Did the internet kill the news business or was it subverted gradually from within, with a little help from Wall Street?
Wall St helped kill what used to be the news business
Did the internet kill the news business - abruptly and from far away, as a meteor onslaught may have killed the dinosaurs? Or was it subverted gradually from within, with a little help from Wall Street? This year marks the 10th anniversary of the largest corporate merger in history, a US$175 billion (Dh642.77bn) marriage between America Online (AOL) and Time Warner that was annulled last month after the combined value of the two companies had dwindled to a seventh of what it was when the deal was announced.
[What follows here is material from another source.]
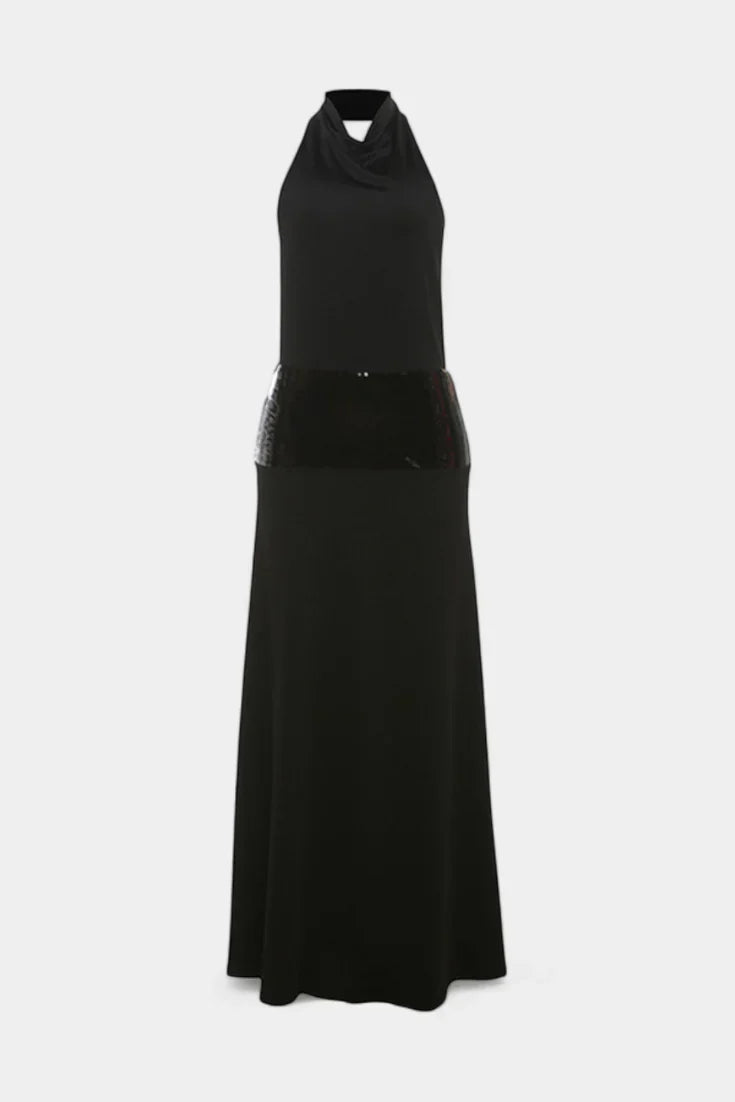 VESTIDO ELEGANTE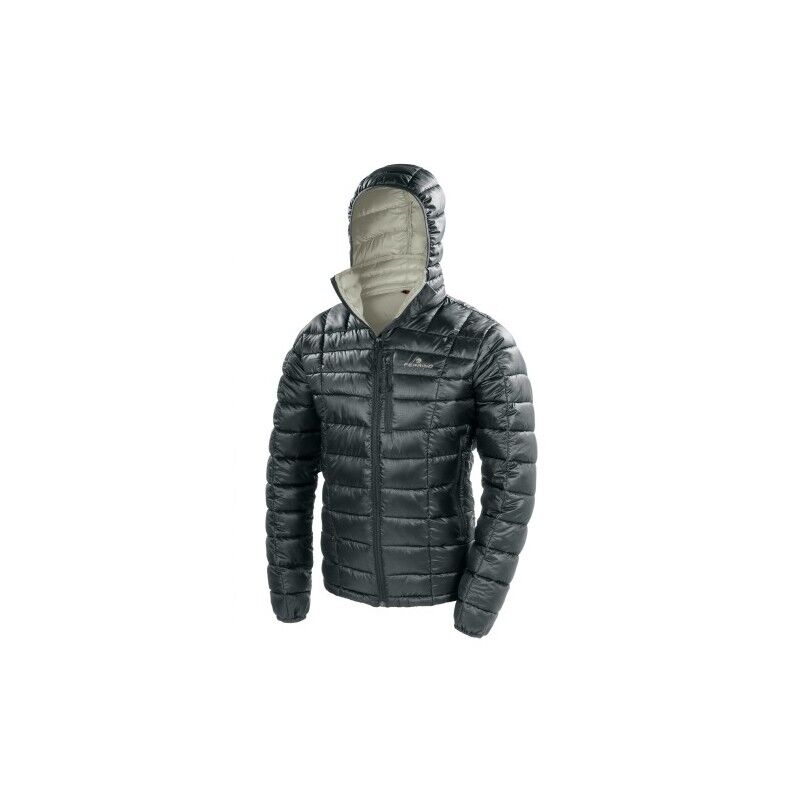 Viedma Jacket - Donsjack - Heren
As with the bundled-asset craze that lured in and then burned investors, the trophy wife AOL of the 1990s turned out to be artificially enhanced. If the estrangement within AOL Time Warner was the byproduct of the fevered imaginations of Wall Street, the 2008 credit crisis was testament to its short memory. The consequences of the 1990s tech boom and bust will in many ways prove more lasting and profound than those of the global downturn. Despite the abuse of derivative products, leverage will survive.
The same cannot be said of the mainstream media, which has been forever diminished by the wholesale concentration of the news industry throughout the 1990s, as one multinational company after another gobbled up media properties. Whether they were distributors such as AOL, or content providers such as the National Broadcast Company, one of America's oldest television networks, Wall Street reacted joyfully.
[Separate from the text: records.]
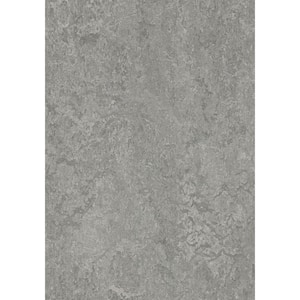 Cinch Loc Seal Serene Grey 9.8 mm T x 11.81 in. W x 35.43 in. L Laminate Flooring (20.34 sq. ft./case)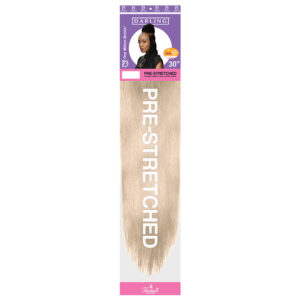 Darling Pre-Stretched Omb 30" #613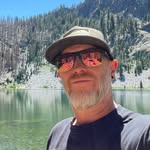 Mark Fields - @markfields - Instagram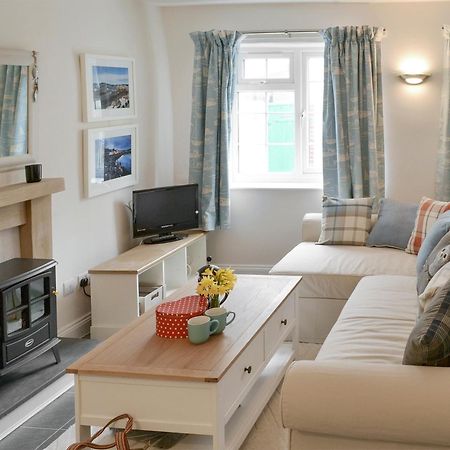 Teal Cottage Instow Εξωτερικό φωτογραφία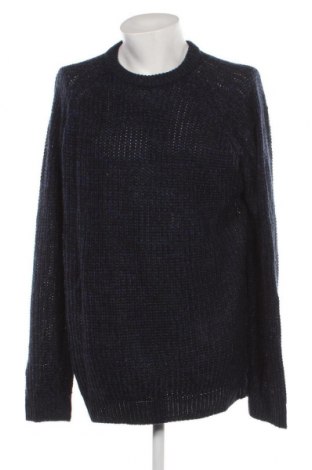 Ανδρικό πουλόβερ, Μέγεθος XXL, Χρώμα Πολύχρωμο, Τιμή 4,50 €
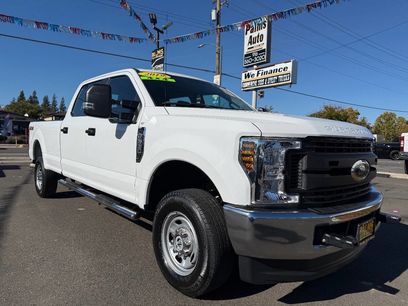 Used 2019 Ford F350 XL w/ Power Equipment Group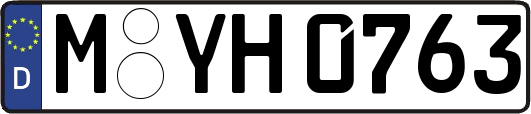 M-YH0763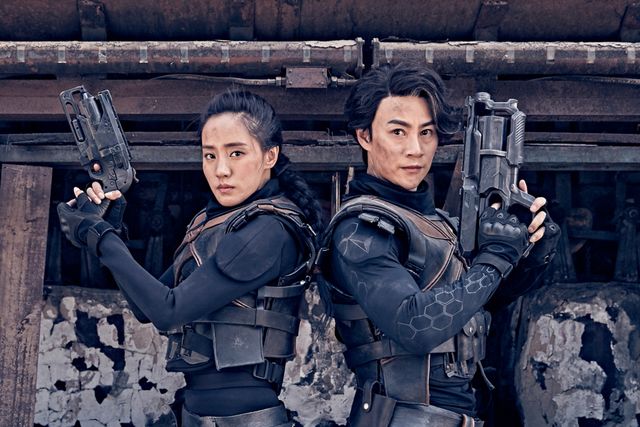 「未体験ゾーンの映画たち2018」全61作品ポスター一覧（58枚目）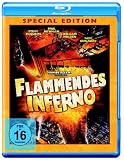 Flammendes Inferno [Blu-ray]
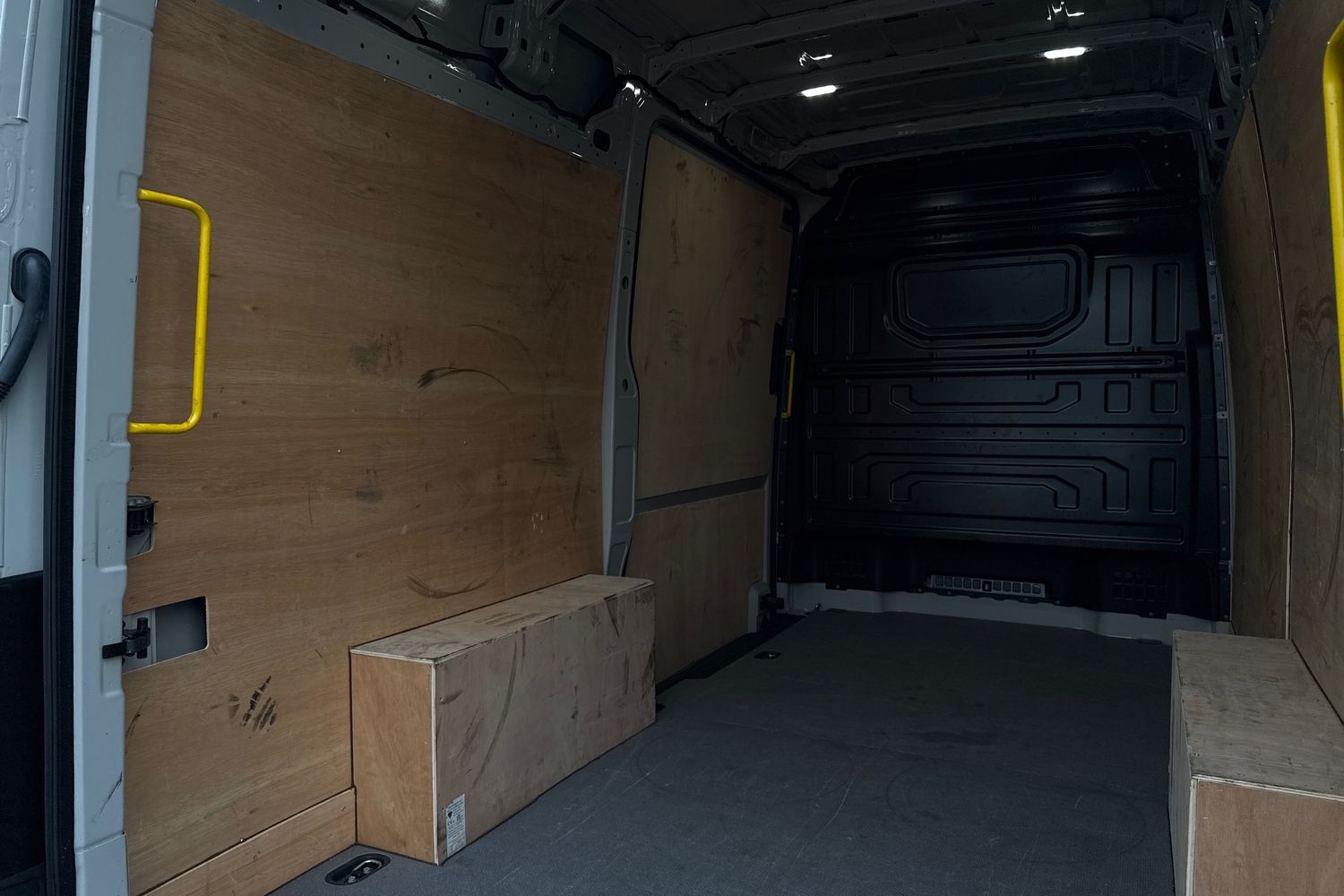 Used Volkswagen Crafter 2024 for sale - 77446465: Photo 42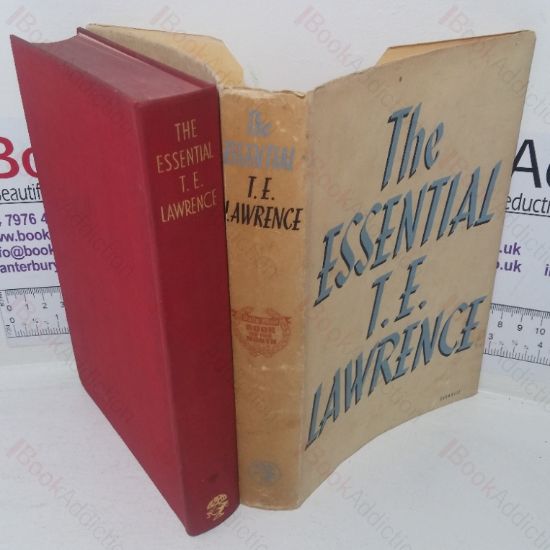 Picture of The Essential T E Lawrence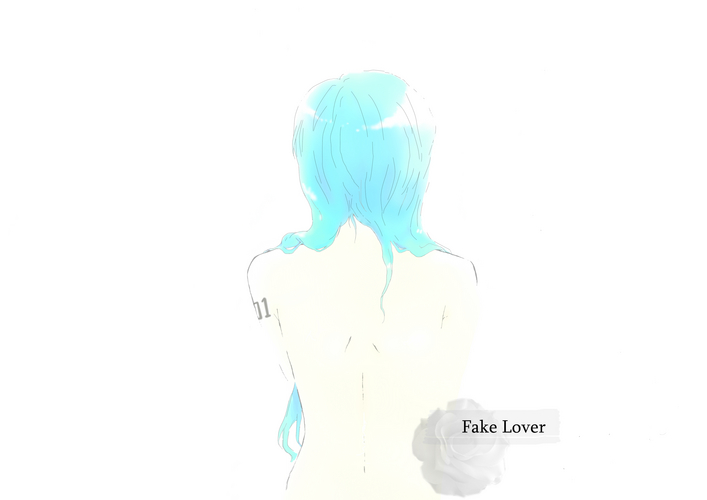 fake lover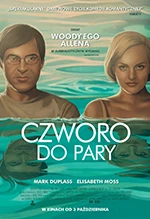 Czworo do pary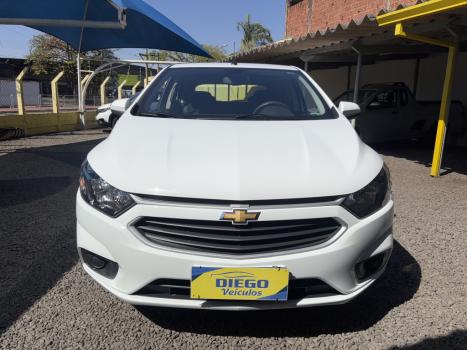 CHEVROLET Onix Hatch 1.0 4P FLEX LT, Foto 8
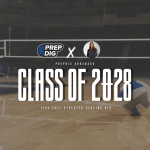2028 Updated Rankings: Five Tall Athletes Playing BIG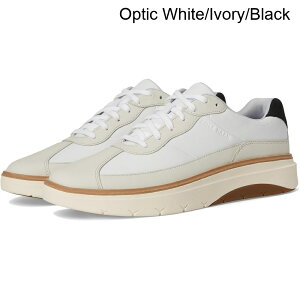 (���) �R�[���n�[�� �O�����h�v���t�F�U�[�A�[�N�o�C�N�g�E�X�j�[�J�[ cole haan Grandpro Featherarc Bike Toe Sneakers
The consolidation of media ownership was perceived not as an emerging behemoth that would one day stand accused of commoditising culture and trivialising news reporting, but as a profound expression of the free market. Dissenting voices were rare and confined largely to the political wilderness. In late 2001, the left-leaning weekly magazine The Nation warned that any brewing media monopoly would interbreed news and entertainment to pernicious effect.
"Of all the cartel's dangerous consequences for American society and culture, the worst is its corrosive influence on journalism," the magazine warned. "Under AOL Time Warner, GE, Viacom et al, the news is, with a few exceptions, yet another version of the entertainment that the cartel also vends non-stop." It was a plaintive and prophetic glimpse into journalism's future. Many believe the Columbia Broadcasting System's once-leading nightly newscast, for example, was ruined by its former parent company, the entertainment giant Viacom.
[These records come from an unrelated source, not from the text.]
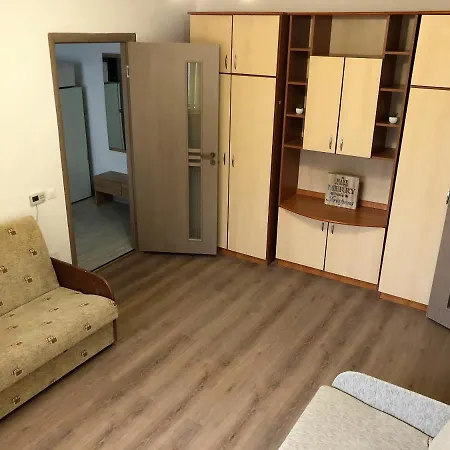 Apartamento Apartament Central Napoca *
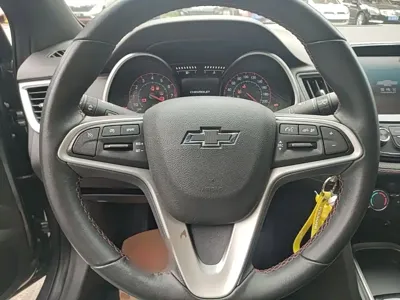 Chevrolet Monza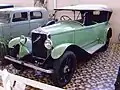 Donnet-Zedel von 1925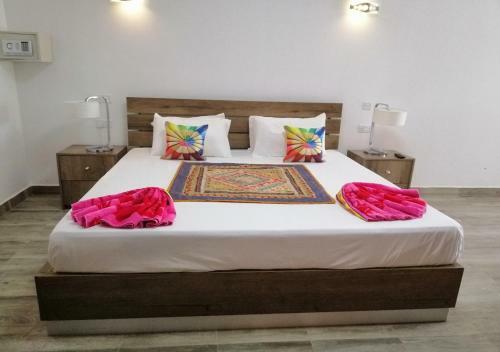Hostal Easy Stay Residence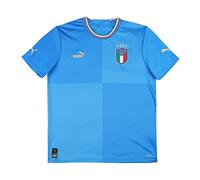 Puma Saison 2022/23 Officiel Domicile Maillot Mixte Enfant (Lot de 1)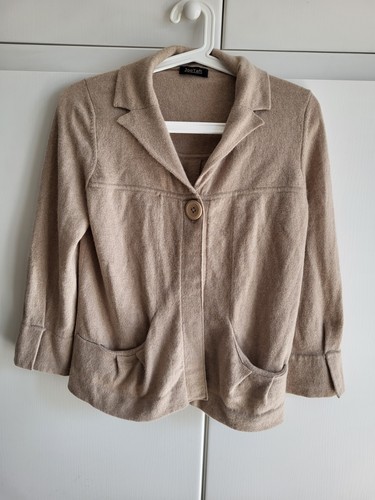 Strickjacke bolero damen - strickjacke,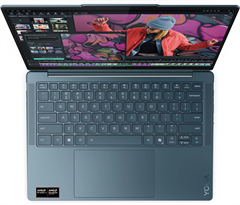 {{productViewItem.photos[photoViewList.activeNavIndex].Alt || productViewItem.photos[photoViewList.activeNavIndex].Description || 'Ноутбук Lenovo Yoga Slim7 14AKP10 Ryzen AI 5 340 16Gb SSD1Tb AMD Radeon 840M 14" OLED 2.8K (2880x180'}}
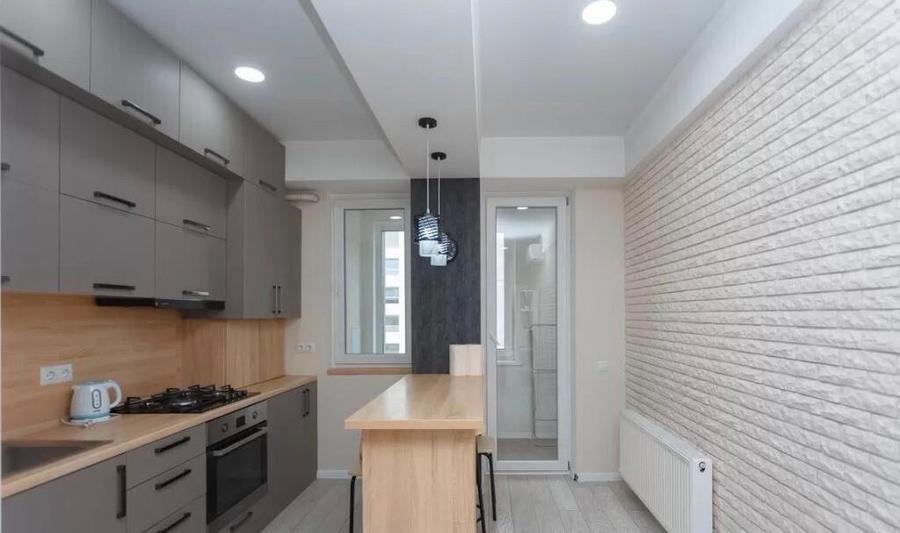 Oferim spre inchiriere garsoniera situata in cartierul Zorilor - 2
The Time Warner-affiliate CNN, meanwhile, pioneered the 24-hour news cycle that reduces complex issues, particularly those relating to international affairs, into scripted morality plays that distort and titillate more than they inform. The joining of journalism and show business did little for Big Media, however, which for much of the past two decades has underperformed the Standard & Poor's 500 Index.
To make matters worse, the extravagant buying and selling of the 1990s left the industry exposed to the wrecking ball that would become the World Wide Web. Take Rupert Murdoch's News Corp, for example. It reported a net loss for fiscal 2009 of $3.4bn due in part to digestive problems associated with its $5bn purchase two years ago of Dow Jones and its flagship, The Wall Street Journal. Blame not the internet for the demise of the news industry but its consolidation at the hands of impresarios and the ruthless pursuit of shareholder value.
As the media experts Jonathan Knee, Bruce Greenwald and Ava Seave note in The Curse of the Mogul, the appetites of men such as Mr Murdoch and Sam Zell, assisted by an erosion over the years of anti-trust legislation, have turned the news industry into a wasteland that has done little to sustain the interest of consumers and even less of its trust. "The introduction of the internet has only accelerated this trend of value destruction among incumbent media players, without creating many profitable newcomers," the authors note.
Last week, Jamie Dimon, the chairman and chief executive of JPMorgan Chase, testified with the heads of Wall Street's three other major investment banks before a congressional committee investigating the causes of the credit collapse. When asked whether his bank was "too big to fail", Mr Dimon said there were many large companies in the world and they needed large banks to finance them. If Mr Dimon's response was a shrewd way of passing the buck, it was because America's media lords have made it so easy for him to do so.